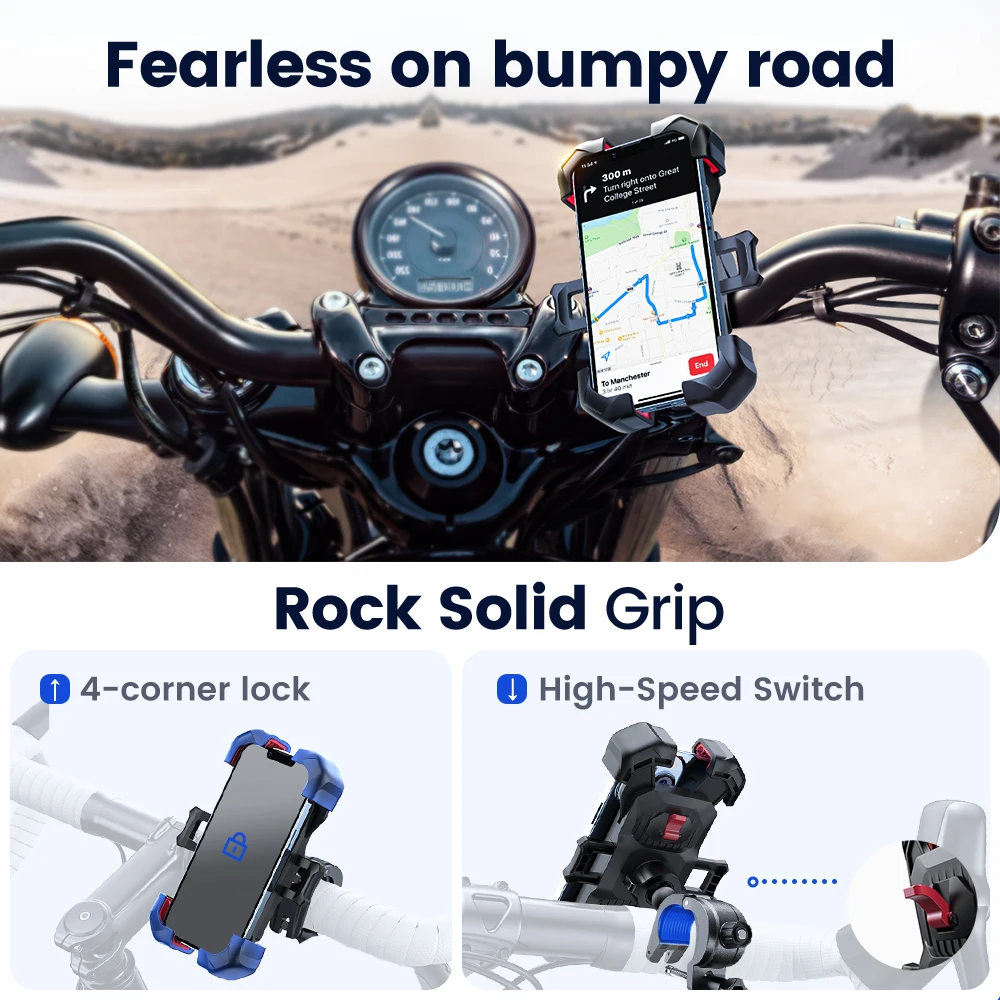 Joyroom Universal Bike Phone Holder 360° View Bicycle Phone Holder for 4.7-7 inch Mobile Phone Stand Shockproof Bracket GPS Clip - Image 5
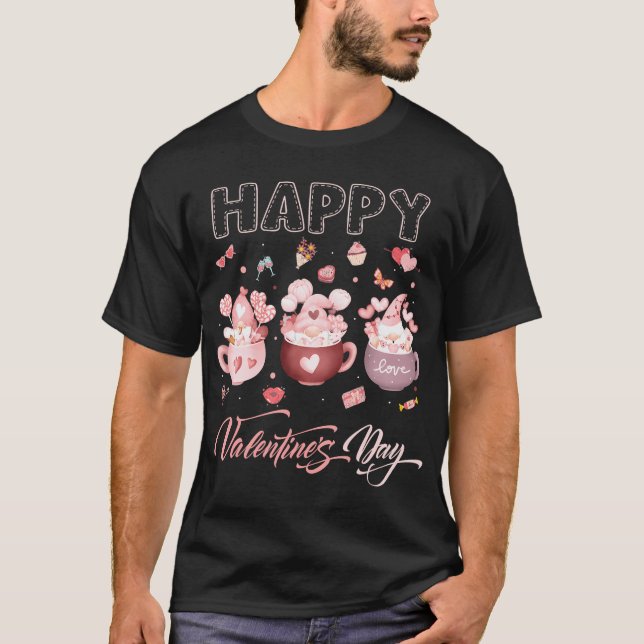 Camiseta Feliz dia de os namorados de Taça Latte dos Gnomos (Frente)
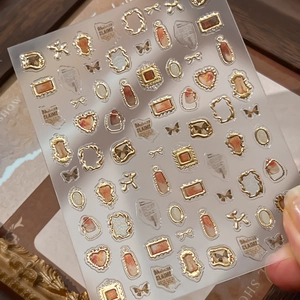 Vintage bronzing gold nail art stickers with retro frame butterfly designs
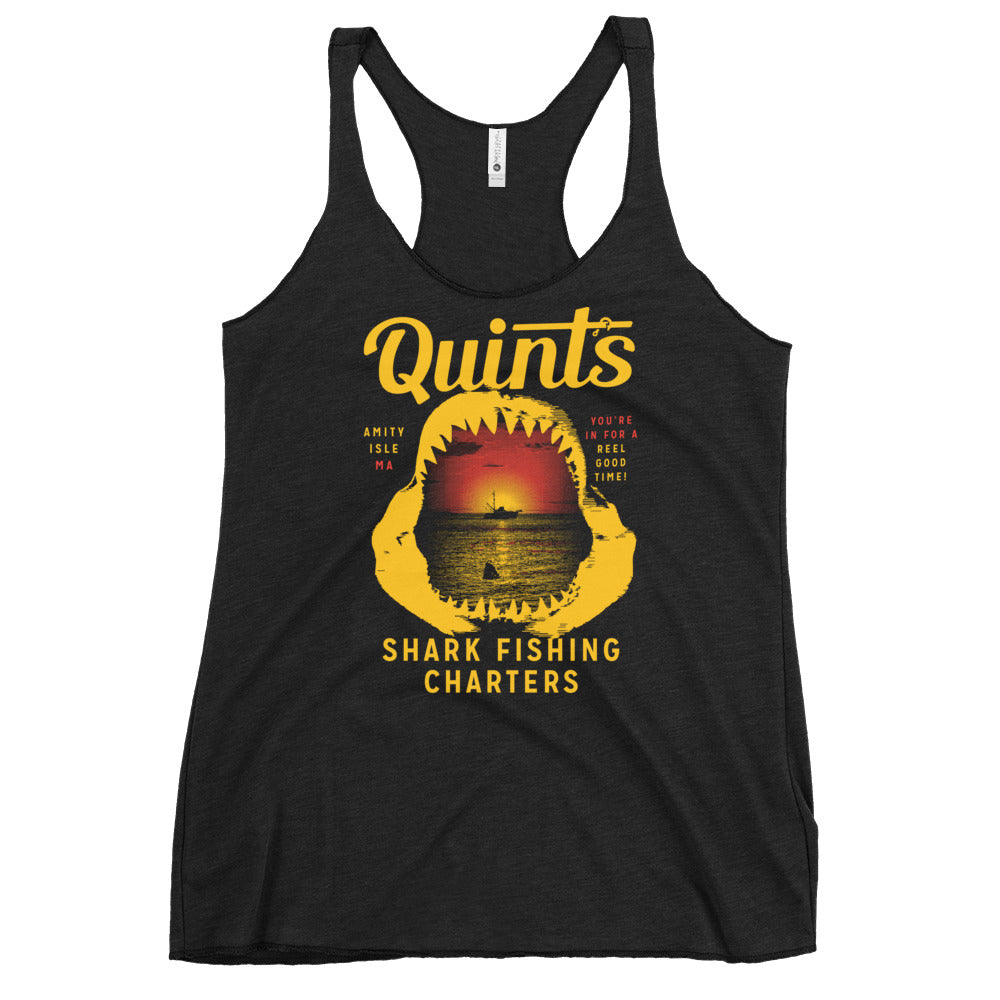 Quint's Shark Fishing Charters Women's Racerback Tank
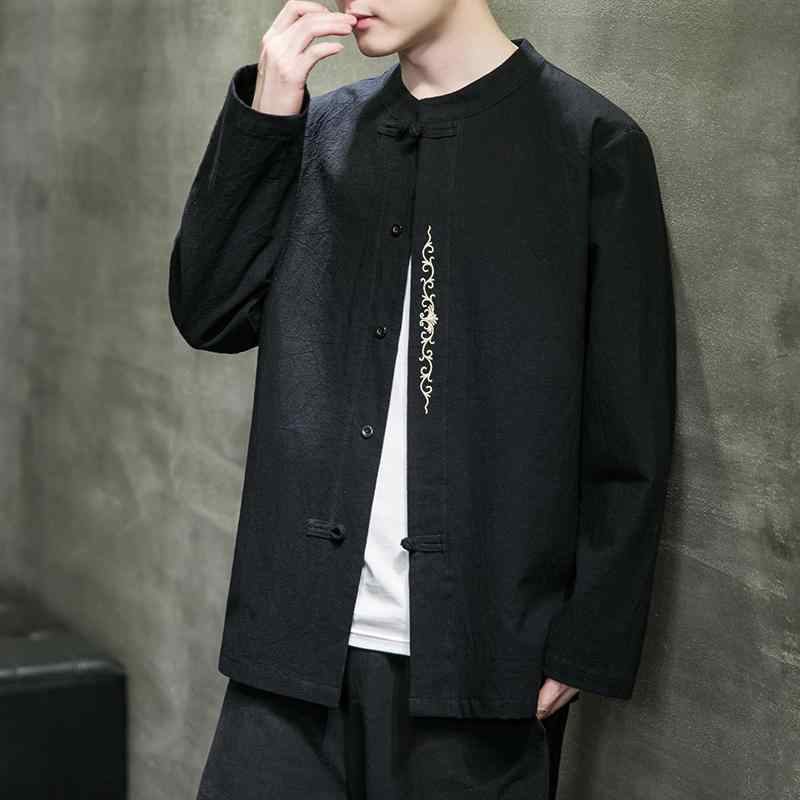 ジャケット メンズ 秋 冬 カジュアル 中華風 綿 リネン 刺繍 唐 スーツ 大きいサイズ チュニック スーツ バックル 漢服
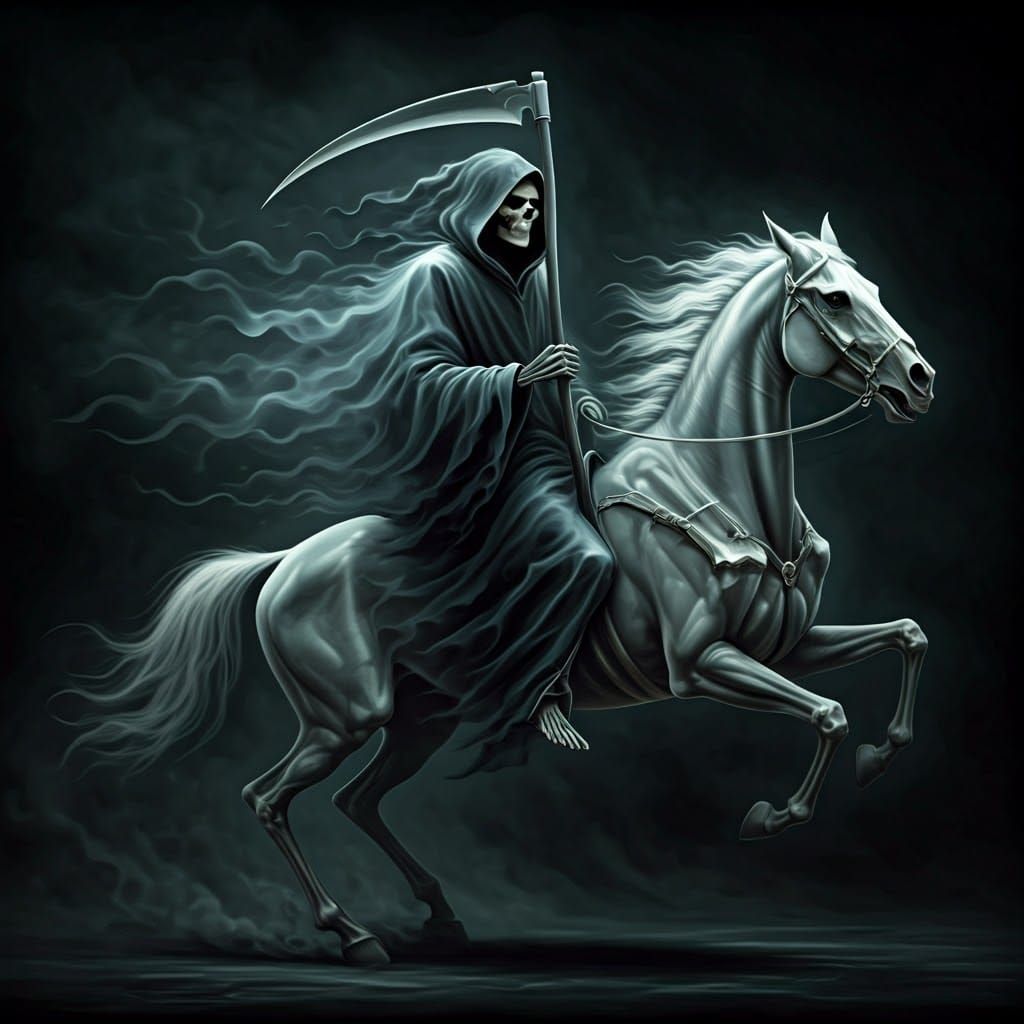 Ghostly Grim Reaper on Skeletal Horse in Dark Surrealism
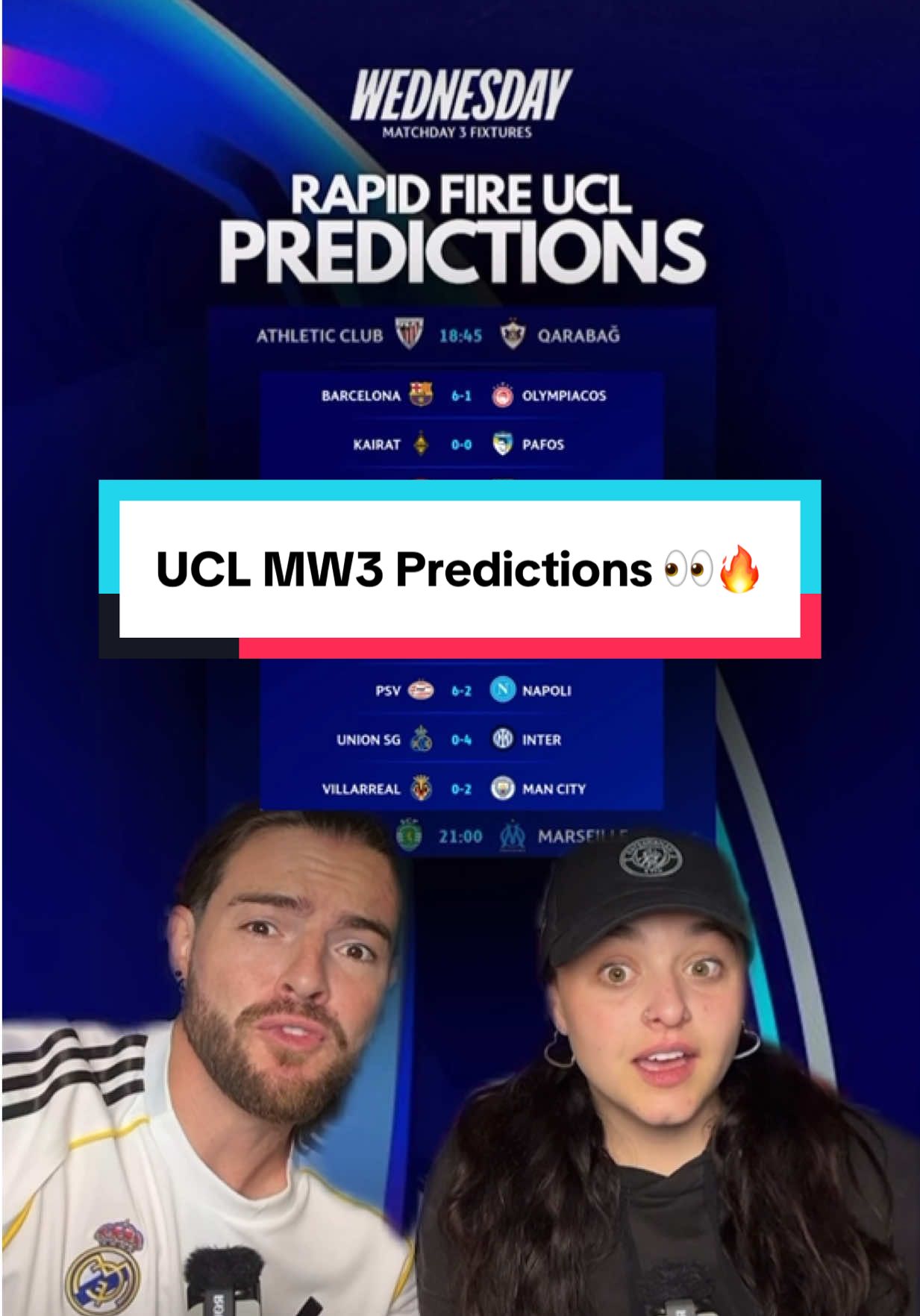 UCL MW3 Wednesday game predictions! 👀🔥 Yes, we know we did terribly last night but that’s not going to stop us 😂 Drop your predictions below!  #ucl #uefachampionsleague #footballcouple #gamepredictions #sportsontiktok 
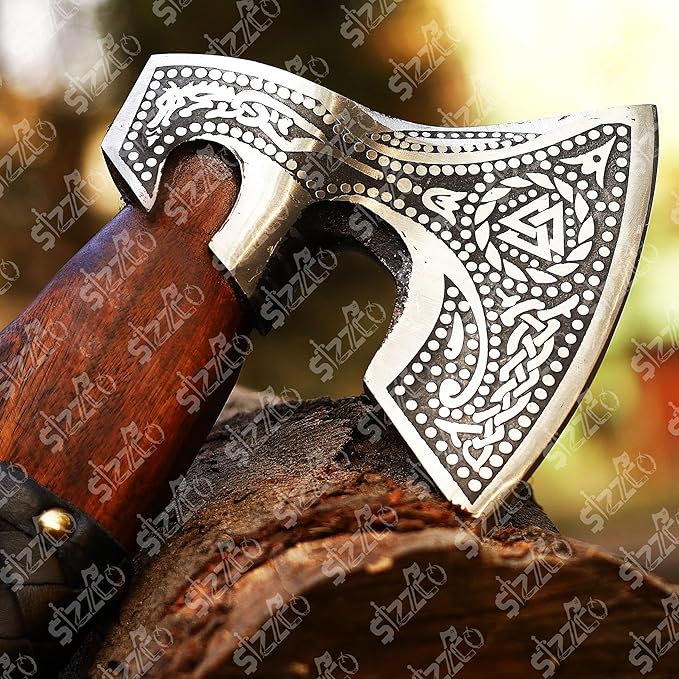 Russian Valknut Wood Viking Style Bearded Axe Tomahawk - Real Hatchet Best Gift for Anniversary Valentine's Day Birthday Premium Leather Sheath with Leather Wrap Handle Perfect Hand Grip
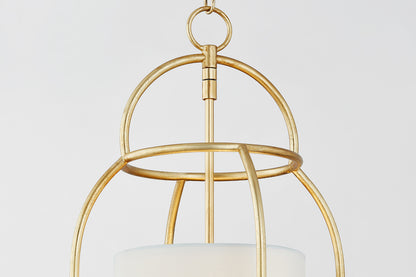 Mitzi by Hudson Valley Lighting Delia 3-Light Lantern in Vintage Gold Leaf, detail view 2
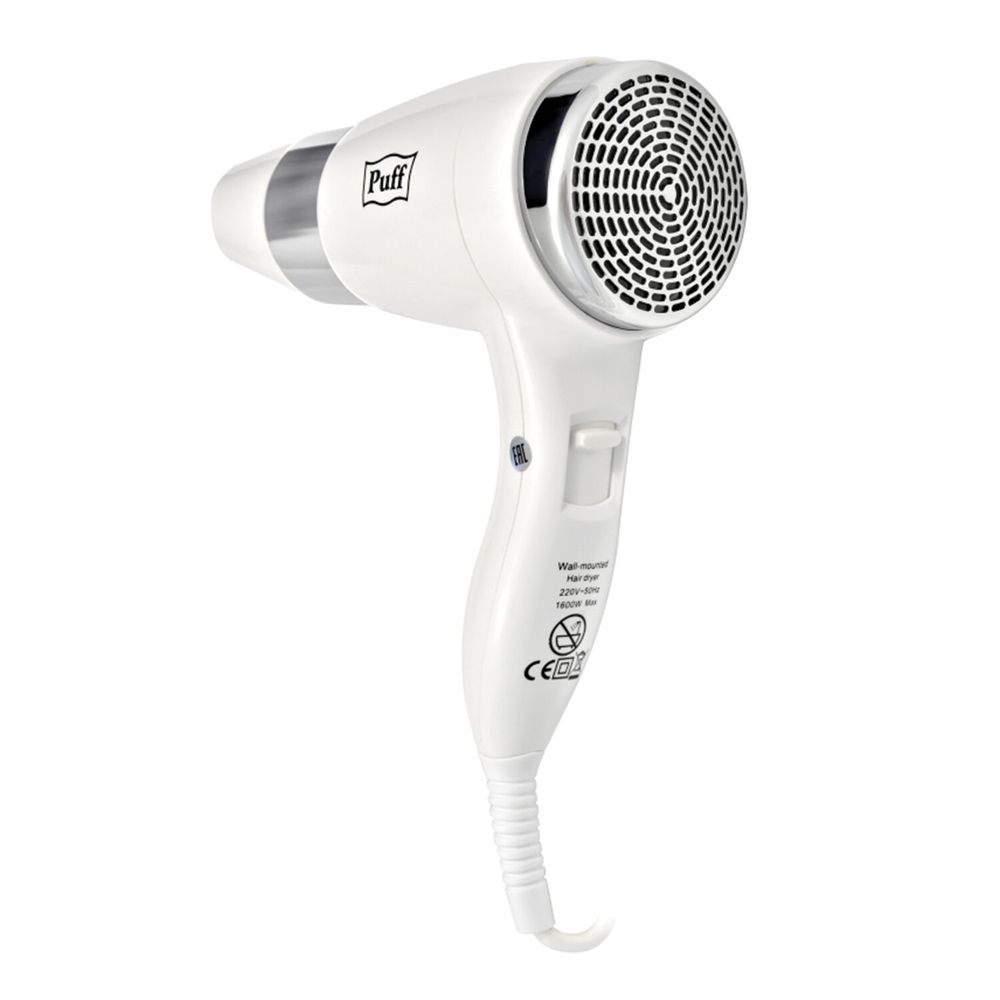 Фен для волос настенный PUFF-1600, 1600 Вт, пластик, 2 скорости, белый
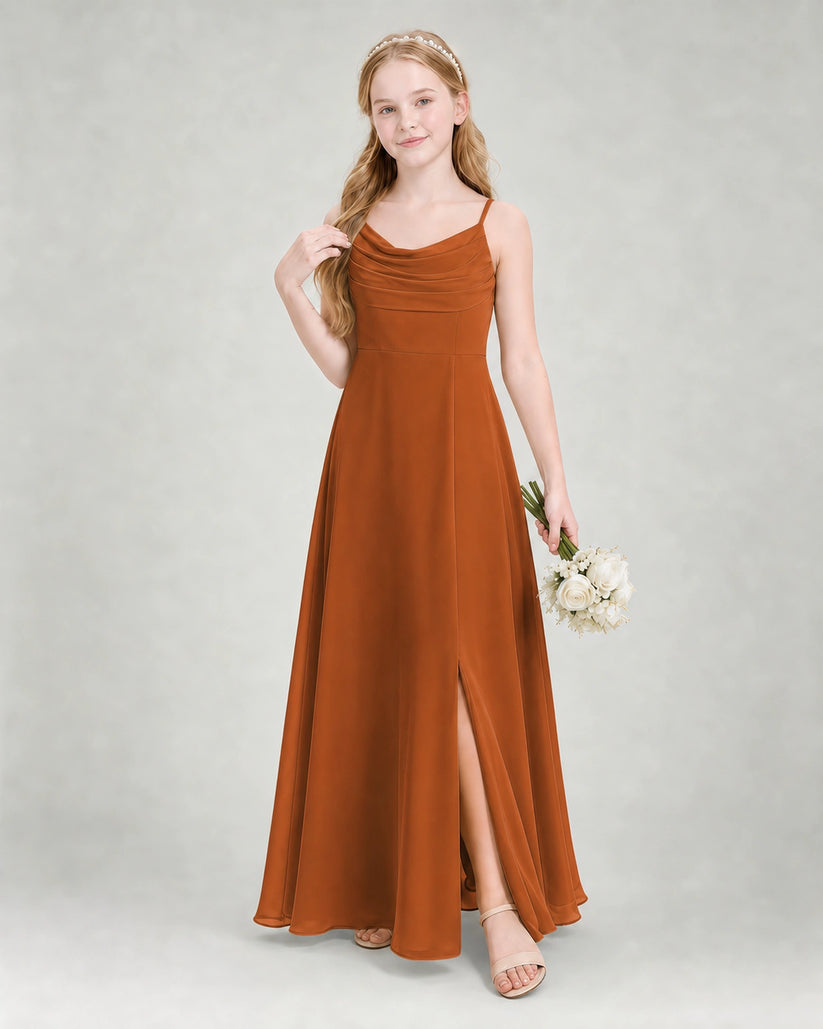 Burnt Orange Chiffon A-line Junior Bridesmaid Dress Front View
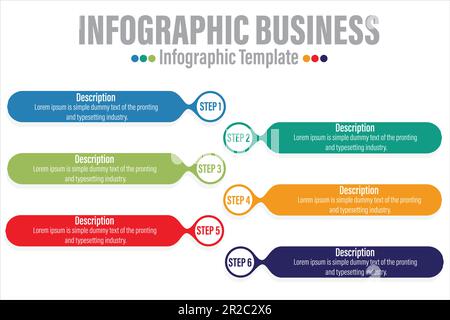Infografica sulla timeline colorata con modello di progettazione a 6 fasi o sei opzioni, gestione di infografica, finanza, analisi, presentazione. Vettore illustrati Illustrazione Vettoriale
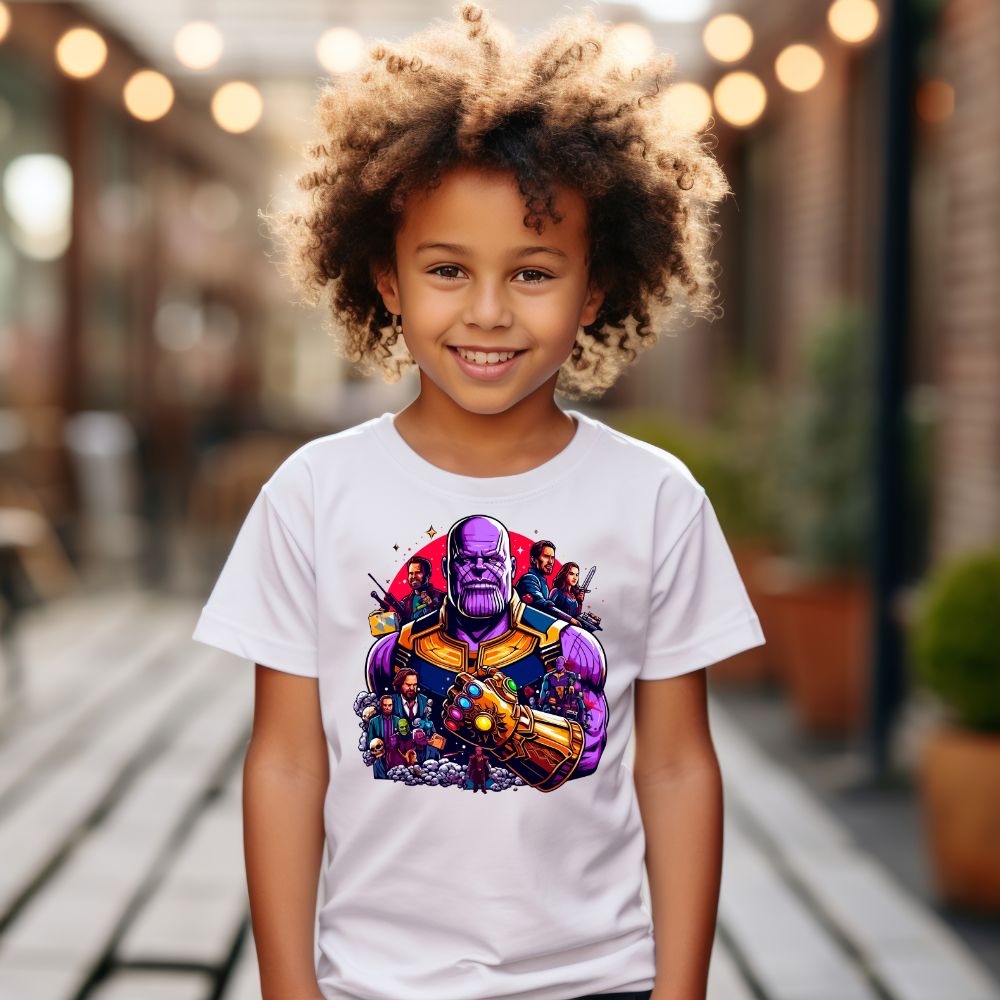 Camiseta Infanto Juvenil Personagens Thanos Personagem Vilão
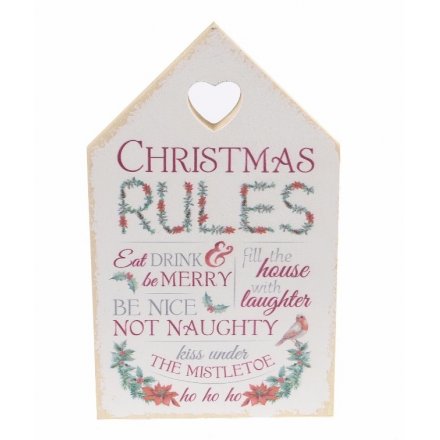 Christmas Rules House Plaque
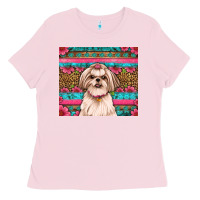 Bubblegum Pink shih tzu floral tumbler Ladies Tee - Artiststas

HOW TO COMPLETE THIS TASK: Return the lines above exactly; the images are not part of the copy.

ANSWER TO THIS EXERCISE:
 Joyroom Universal Bike Phone Holder 360° View Bicycle Phone Holder for 4.7-7 inch Mobile Phone Stand Shockproof Bracket GPS Clip - Image 5
 Camiseta Feliz dia de os namorados de Taça Latte dos Gnomos (Frente)
 Vintage bronzing gold nail art stickers with retro frame butterfly designs
 Quint's Shark Fishing Charters Women's Racerback Tank
 ジャケット メンズ 秋 冬 カジュアル 中華風 綿 リネン 刺繍 唐 スーツ 大きいサイズ チュニック スーツ バックル 漢服
 Ghostly Grim Reaper on Skeletal Horse in Dark Surrealism
 UCL MW3 Wednesday game predictions! 👀🔥 Yes, we know we did terribly last night but that’s not going to stop us 😂 Drop your predictions below!  #ucl #uefachampionsleague #footballcouple #gamepredictions #sportsontiktok 
 Russian Valknut Wood Viking Style Bearded Axe Tomahawk - Real Hatchet Best Gift for Anniversary Valentine's Day Birthday Premium Leather Sheath with Leather Wrap Handle Perfect Hand Grip
 Mitzi by Hudson Valley Lighting Delia 3-Light Lantern in Vintage Gold Leaf, detail view 2
 Фен для волос настенный PUFF-1600, 1600 Вт, пластик, 2 скорости, белый
 Burnt Orange Chiffon A-line Junior Bridesmaid Dress Front View
Infografica sulla timeline colorata con modello di progettazione a 6 fasi o sei opzioni, gestione di infografica, finanza, analisi, presentazione. Vettore illustrati Illustrazione Vettoriale
 Camiseta Infanto Juvenil Personagens Thanos Personagem Vilão
 Christmas Rules House Plaque
 Bubblegum Pink shih tzu floral tumbler Ladies Tee - Artiststas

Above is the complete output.